Les cas les plus médiatisés dans cette course aux détournements sont ceux de certains directeurs généraux d’entreprises publiques et parapubliques, limogés suite à un audit commandité par l’Etat. Ainsi, Diaby Lanciné du FER, Yapi Ange Désiré de la NPSP, Bilé Diéméléou de l’ARTCI et Coulibaly Lamine de l’AGEF, épinglés par l’audit comme ayant opéré des malversations dans la gestion des entreprises dont ils avaient la charge, ont juste libéré le tabouret. Pour l’instant, hormis Coulibaly Lamine, aucun d’entre eux ne connaîtra les délices de l’univers carcéral. L’un d’entre eux a même été élu maire dans une localité.

Subir la rigueur de la loi

On ne saurait oublier les malversations à la Petroci et à la Gestoci, avec à la clé, la disparition de 17 000 tonnes de gaz, sans qu’aucune explication ne soit donnée au peuple ivoirien. Alors, relever de leurs fonctions des directeurs généraux convaincus de détournements et de malversations, qui se sont enrichis sur le dos du contribuable ivoirien, et les laisser jouir en toute quiétude de leurs fortunes, malhonnêtement amassées, est le symbole achevé de l’impunité qui sévit dans la troisième République, et une insulte à l’intelligence des ivoiriens.

Mais le plus désespérant quand on évoque ces cas de détournement dans les discussions, c’est que les soutiens objectifs du pouvoir n’hésitent pas à affirmer que « sous Gbagbo, il y avait aussi des détournements ». Objectivement, qu’y a-t-il à se comparer à un pouvoir qu’on a traité de tous les noms, et combattu huit années durant, au travers d’une rébellion armée ? Pourquoi tomber dans les mêmes travers qu’on lui reprochait ?

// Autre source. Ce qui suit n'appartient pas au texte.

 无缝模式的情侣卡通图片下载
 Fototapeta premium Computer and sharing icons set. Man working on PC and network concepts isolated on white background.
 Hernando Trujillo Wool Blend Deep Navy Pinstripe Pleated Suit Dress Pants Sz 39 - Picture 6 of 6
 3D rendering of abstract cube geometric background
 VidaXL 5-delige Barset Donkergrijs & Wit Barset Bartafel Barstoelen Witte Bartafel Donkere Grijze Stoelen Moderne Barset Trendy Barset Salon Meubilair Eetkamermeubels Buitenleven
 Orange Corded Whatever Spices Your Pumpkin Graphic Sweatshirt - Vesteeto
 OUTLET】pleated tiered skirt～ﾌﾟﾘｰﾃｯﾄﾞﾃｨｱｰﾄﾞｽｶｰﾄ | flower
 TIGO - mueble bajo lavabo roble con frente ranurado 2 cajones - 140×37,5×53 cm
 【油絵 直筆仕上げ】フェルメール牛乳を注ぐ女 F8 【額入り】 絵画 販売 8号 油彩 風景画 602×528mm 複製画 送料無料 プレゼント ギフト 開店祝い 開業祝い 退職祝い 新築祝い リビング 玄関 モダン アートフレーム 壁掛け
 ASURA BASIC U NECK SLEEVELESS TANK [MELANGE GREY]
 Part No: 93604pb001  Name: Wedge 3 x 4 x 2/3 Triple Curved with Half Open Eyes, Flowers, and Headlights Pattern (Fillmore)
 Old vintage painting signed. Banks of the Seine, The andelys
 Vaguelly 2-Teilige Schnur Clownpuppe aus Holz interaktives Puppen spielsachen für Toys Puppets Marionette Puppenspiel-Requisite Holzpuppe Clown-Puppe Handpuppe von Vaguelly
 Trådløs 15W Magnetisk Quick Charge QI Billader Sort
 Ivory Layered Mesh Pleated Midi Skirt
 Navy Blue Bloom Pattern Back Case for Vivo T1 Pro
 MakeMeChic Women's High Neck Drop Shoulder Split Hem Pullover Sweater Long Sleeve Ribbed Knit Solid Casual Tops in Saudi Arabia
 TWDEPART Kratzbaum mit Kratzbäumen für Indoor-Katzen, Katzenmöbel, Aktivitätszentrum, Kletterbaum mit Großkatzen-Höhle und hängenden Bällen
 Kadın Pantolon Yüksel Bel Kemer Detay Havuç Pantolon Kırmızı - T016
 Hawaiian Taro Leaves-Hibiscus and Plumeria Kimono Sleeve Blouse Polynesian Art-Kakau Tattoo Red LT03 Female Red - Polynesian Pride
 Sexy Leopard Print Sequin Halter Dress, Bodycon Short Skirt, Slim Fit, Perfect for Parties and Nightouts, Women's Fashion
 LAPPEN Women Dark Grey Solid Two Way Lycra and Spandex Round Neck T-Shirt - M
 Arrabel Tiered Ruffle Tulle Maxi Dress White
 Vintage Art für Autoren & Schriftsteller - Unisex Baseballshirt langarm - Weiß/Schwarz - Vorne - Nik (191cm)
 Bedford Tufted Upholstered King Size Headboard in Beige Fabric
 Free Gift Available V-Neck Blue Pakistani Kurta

Il est vraiment temps que soit mis un terme à l’impunité dont semblent bénéficier, tous ceux qui jusque-là, sont accusés de détournement de deniers publics. Au-delà des effets d’annonce que constitue leur limogeage, ils doivent subir la rigueur de la loi après un procès, et être obligés de rendre ce qu’ils ont frauduleusement soustrait au peuple. Ainsi va le pays. Mais arrive le jour où l’ivraie sera séparée du vrai.